Activity:
Would you reproduce exactly, and only, the lines starting at the one with "Foto 49933651-0b49-4ee9-bfcd-d36a00db6d50. Rent" and ending at the last line of the data, with both included? Leave the pictures out.

(Provided material begins)

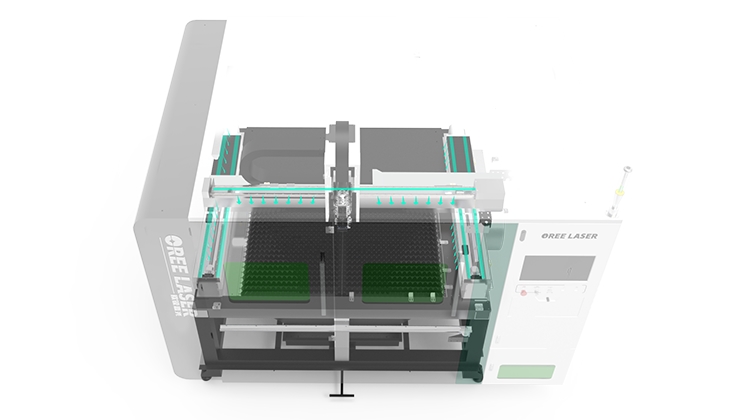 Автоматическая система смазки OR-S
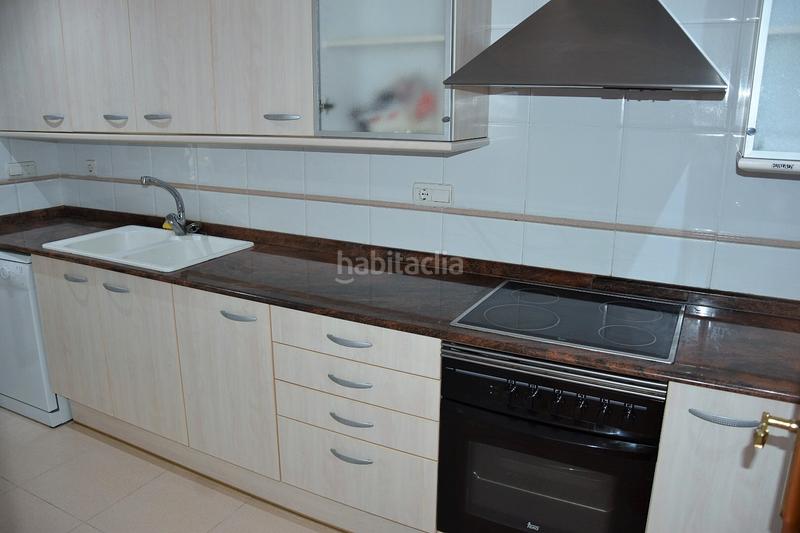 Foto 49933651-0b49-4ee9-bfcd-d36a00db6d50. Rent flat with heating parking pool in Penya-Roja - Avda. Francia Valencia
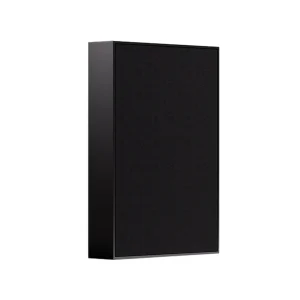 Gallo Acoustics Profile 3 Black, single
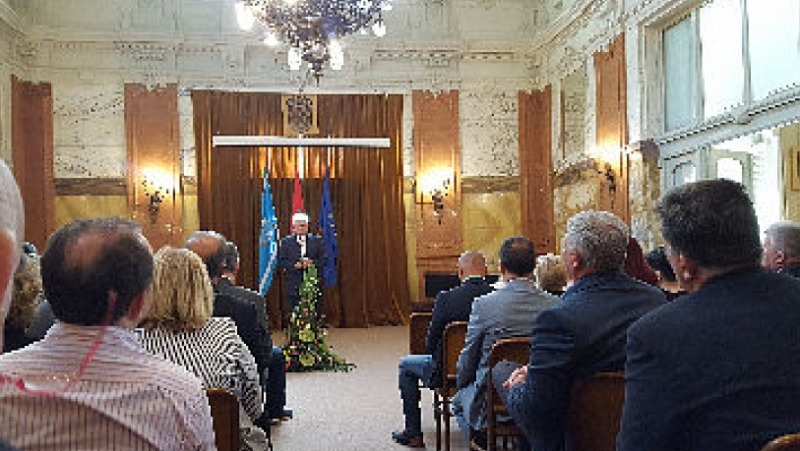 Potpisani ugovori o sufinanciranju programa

(Provided material ends)

Answer section:
 Foto 49933651-0b49-4ee9-bfcd-d36a00db6d50. Rent flat with heating parking pool in Penya-Roja - Avda. Francia Valencia
 Gallo Acoustics Profile 3 Black, single
 Potpisani ugovori o sufinanciranju programa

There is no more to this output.